Работа любви - Григорий Померанц
Шрифт:
Интервал:
Закладка:
Тиллих писал, что предельно глубокое во всех областях культуры есть религиозное: не как система догм, но как некий дух, ищущий и находящий себе форму. Если находит – то и искусство натюрморта превращает пятно света на двух бутылках в образ Фаворского света. Так я понимаю слова Владимира Казьмина: каждое здание стремится стать храмом, картина – иконой, стихотворение – молитвой.
Такие здания, картины, стихи могут запечатлеть огнь-бел, привлечь к себе красотой и втянуть в глубокое, напряженное вглядыванье, в котором огнь-бел передается из глаз в глаза, как при долгом созерцании рублевского Спаса. Так я раз почувствовал, глядя на Спаса, что на этого человека упала молния, но не сожгла его и свернулась в сердце. И можно жить с молнией в сердце. Об этом говорит и стихотворение Зинаиды Миркиной:
Когда б мы досмотрели до концаОдин лишь миг всей пристальностью взгляда,То нам другого было бы не надо,И свет вовек бы не сошел с лица…
Иногда подготовка души проходит незаметно, годами, и молния ударяет, потому что долго собирались тучи; так я мгновенно узнал и принял стихотворение Миркиной «Бог кричал». А стихотворение «Даятель» испугало. Оно требовало от меня полной жертвы своим малым «я», и довольно долго я ходил вокруг него, как вокруг пылающих углей, не решаясь пойти по ним босиком, по обычаю жителей островов Фиджи, Цейлона и других мест, где сила веры защищает пятки от ожога. Потом страх прошел. Я понял, что на угольях сгорает только малое «я», а большое – образ и подобие Бога – освобождается от этой ветоши.
У меня уже был опыт вглядывания в бесконечность пространства и времени – чего же я боялся? Даятеля? Кажется, я не готов был всё потерять. Я собирался пройти сквозь бездну, не меняясь, оставаясь, говоря языком мистики, ветхим Адамом. Какой-то внутренний сдвиг во мне произошел, но нечаянно, незаметно и неполно. Сказалась моя совершенная оторванность от духовной культуры, неумение ставить духовную задачу. Порыв запутался в абстракциях астрономического времени и пространства.
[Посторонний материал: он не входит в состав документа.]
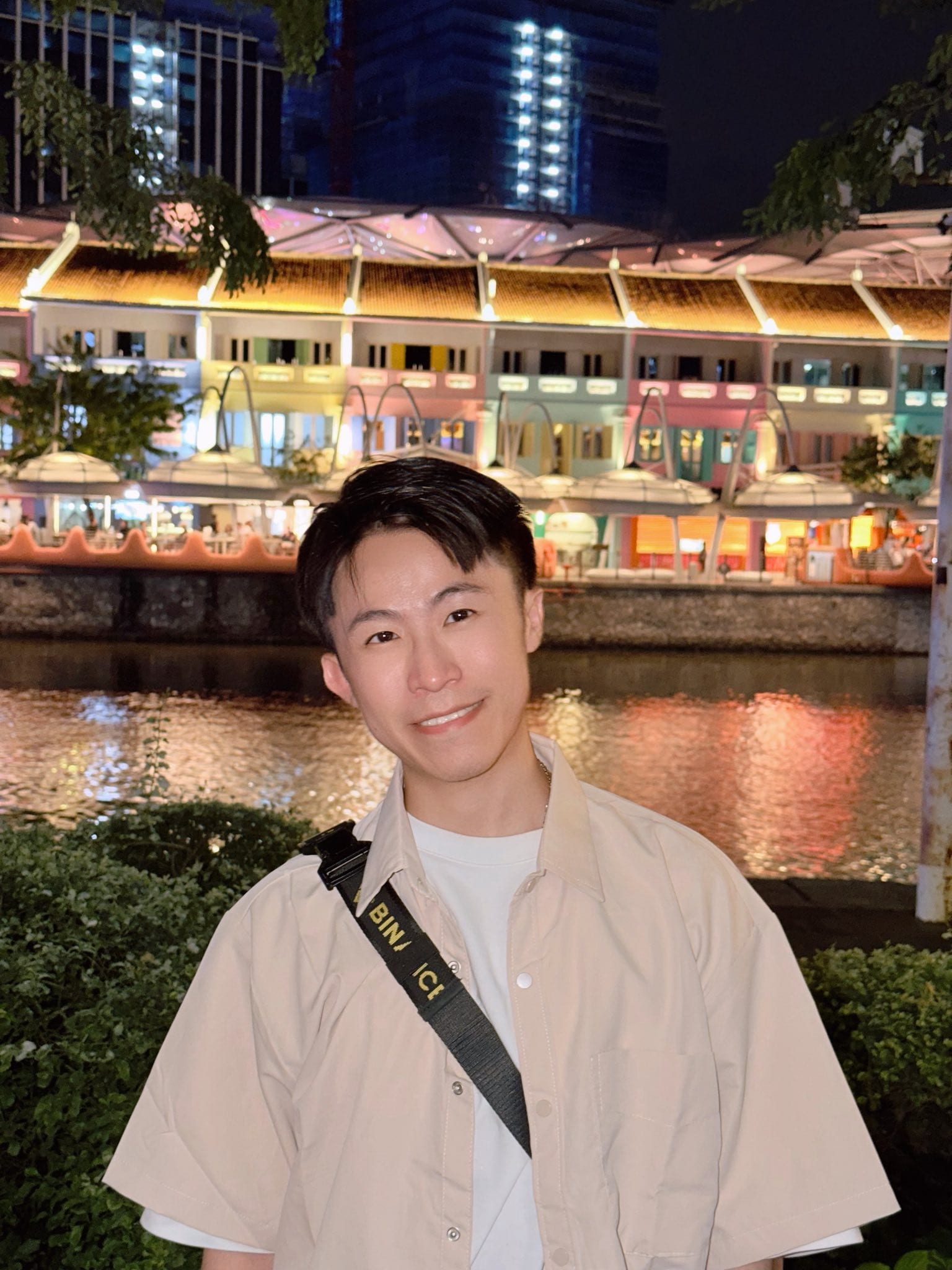 我站在新加坡河岸邊，背後是夜晚燈火通明的彩色店屋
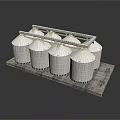 Four White Cylindrical Grain Silos On Gray Platform With Metal Framework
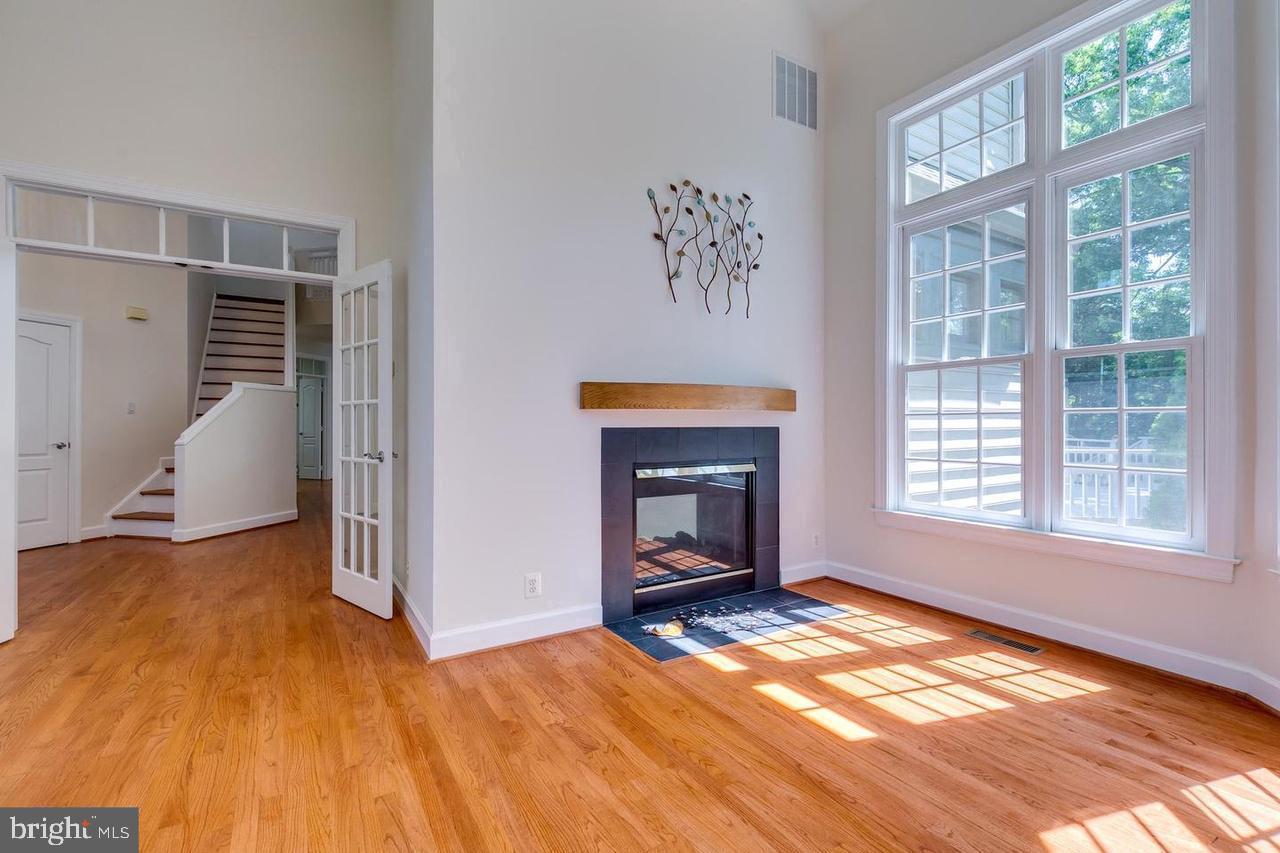 1489 Broadstone Place Vienna, VA 22182 - Photo 8 of 20 a view of an empty room with wooden floor and a window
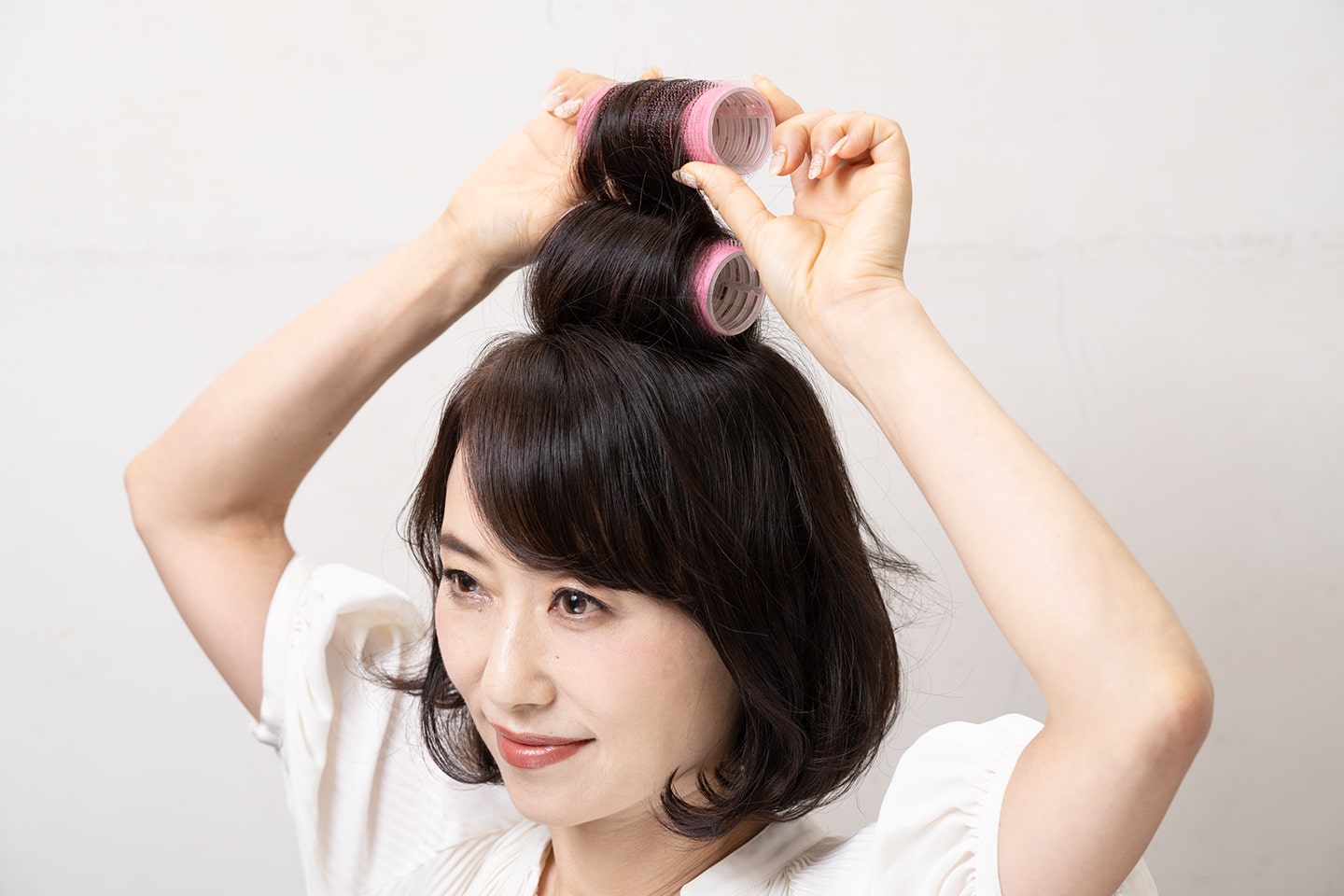毛束を持ち上げ、根元を立たせるように毛先から根元まで後ろ向きに巻く。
Но я переживал их сердцем, эти абстракции, и поэтому нашел больше, чем искал. Нашел упор, с которого сравнительно легко взлетел над физическим страхом на войне и потом проходил через испытания страхом с радостью, как Вальсингам – через испытание страхом чумы.
Парение над физическим страхом помогло мне и на духовном пути, как образ полета над духовным страхом, над страхом оторваться от всяких богословских подпорок и почувствовать мысль Алмазной сутры: воздыми свой дух и ни на чем не утверждай его, или мысль Энде: учись падать – и держаться ни на чем, как звезды.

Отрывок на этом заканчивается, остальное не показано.